I totally agree. My main point against Scala is the mass of features, it's like a modern C++. In the worst case you end up with a dev team in which everyone codes in his very own style.
Well put. I had to use Scala for a little and I wasn't a fan.
It's maybe a fun language to play around with for a pet project, but for a reliable production system I would never pick it.
The language is too flexible with too many ways to do the same thing, increasing cognitive load and making things difficult to understand. Maybe you can limit that in your own projects, but what if you have to look at a library codebase that's structured completely differently. Trying to understand that can take a lot of time.
Also there is the problem with hiring. Maybe your current team can work well with Scala, but what if a key member leaves or a service gets transferred. Hiring for Scala turned out to be impossible, so you get all these people that need to learn Scala first. Normally that may be ok, but Scala has a pretty steep learning curve so it takes a lot longer to onboard people.
So, a guy tries to solve a hard problem by using very powerful but very complex features that 99.9999999% of scala devs would never touch, and you take that as a reason to avoid scala? And then you come here to tell everyone how absurd your decision making process is?
A lot of people (myself included) see Scala as being one step forward, two steps back. Some good features, and then a whole bunch of poorly thought out, wankerish features that can only serve to screw up your code base if some developer gets bored and makes the mistake of using them.
Scala deserves all the hate. It might be a fun language for a throwaway pet project but I'd never recommend it in an enterprise setting.
It's an extremely unproductive language because it's too flexible. There are so many different ways to do the same thing which introduces unnecessary complexity.
My impression of Scala is that it has no taste, design, direction, or style. It's just a huge pot of poorly integrated features. It's like PHP 4 in this regard.
I'll take a language with some resemblance of a coherent design like e.g. Kotlin any day over it.
There are much less complex but precisely as powerful languages out there (like Haskell). Scala's crazy amount of syntax is what makes me avoid it, not unlike C++.
Designed to replace and address flaws of an older language but ends up being huge and unmaintainable, with very questionable design decisions and a tool chain that's simply not up to standards in the 21st century (slow compiler, poor IDE integration that keeps breaking version after version, etc...).
In C++, some of these design decisions were driven by legacy pressure but in Scala, a lot of design decisions were driven by the pressure on the team to write research papers. Either way, both languages end up being monsters that implement all known programming language features known on Earth.
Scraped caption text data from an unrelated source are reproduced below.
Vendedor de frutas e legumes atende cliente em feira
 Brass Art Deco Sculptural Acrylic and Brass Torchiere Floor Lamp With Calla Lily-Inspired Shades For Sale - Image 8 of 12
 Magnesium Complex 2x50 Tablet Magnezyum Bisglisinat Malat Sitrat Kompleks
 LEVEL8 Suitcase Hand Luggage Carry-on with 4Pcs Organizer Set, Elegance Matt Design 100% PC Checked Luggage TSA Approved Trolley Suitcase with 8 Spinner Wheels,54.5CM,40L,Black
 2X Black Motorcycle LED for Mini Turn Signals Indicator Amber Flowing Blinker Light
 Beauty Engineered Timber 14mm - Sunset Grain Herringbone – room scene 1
I know on HN people like Scala but it's by far one of the language I hated the most when I worked with it. It's the complete opposite of Go, every time the Go team said no to a random feature, the Scala team said yes to that random feature. Scala feels to me like a kind of functional Perl.
Scala isn't so much a mishmash as it is fertile ground for people to do all kinds of weird stuff that looks like part of the language. Very much like C++, with the same potential for committing atrocities. And like C++ was, it's great from a programmer perspective (long lever, you get what you want/deserve) but bad from a corporate perspective. (Somehow C++ acquired an aura of corporate respectability, but in retrospect it's surprising, considering it has the same problems as Scala: a difficult and sometimes esoteric language, hard to hire for, amplifies programmers instead of smoothing them out, easy to misuse with tragic results, might walk by a developer's desk and see them consulting a book instead of pounding out LOC, etc.)
I'm thrilled that Google is supporting Kotlin, though. Official support for Scala was never going to happen, and Kotlin sounds like a huge step up. I regret sinking so much time into struggling with Scala on Android.
The problem with Scala is that it's a huge language and it gives you a lot of ways to misbehave. It is the same exact problem that C++ has - too many people turn it into an intellectual exercise and a dick-measuring contest of who can write the most elegant (unreadable) code. If you ignore all that, Scala is an amazing language.
IMHO scala projects require company’s wide enforced coding styles. Otherwise one group will try writing it as Haskell while the other will run off with Java crap that is simply not needed in scala
Scala was the only time in the past decade I actually enjoyed programming, but it wasn’t a great idea to use for our relative large team as the amount of expression allowed comes at the expense of subjecting others to your mental model of how things should be done and having them spend undue time grokking it. I view this largely as a deficiency in style guidance, but Scala attracts very opinionated people in my experience and I say good luck to any style guide being upheld across a large org or team.
Kotlin has been nothing but great for me though. (Different company). It’s largely the best parts of Scala for me and without the headaches that come from some allowed patterns.
It's difficult to point to a more poorly managed language project than Scala. The net result is a mess with tons of gotchas, performance pitfalls, technical debt and a 3-way split tie in the community.
I studied it with a couple of friends at work and I ended up with same conclusion. Scala was hard. Way too hard for the average corporate programmer. It could work in a startup environment, it would not work in corporate america. Flat out, the programmers are just not there.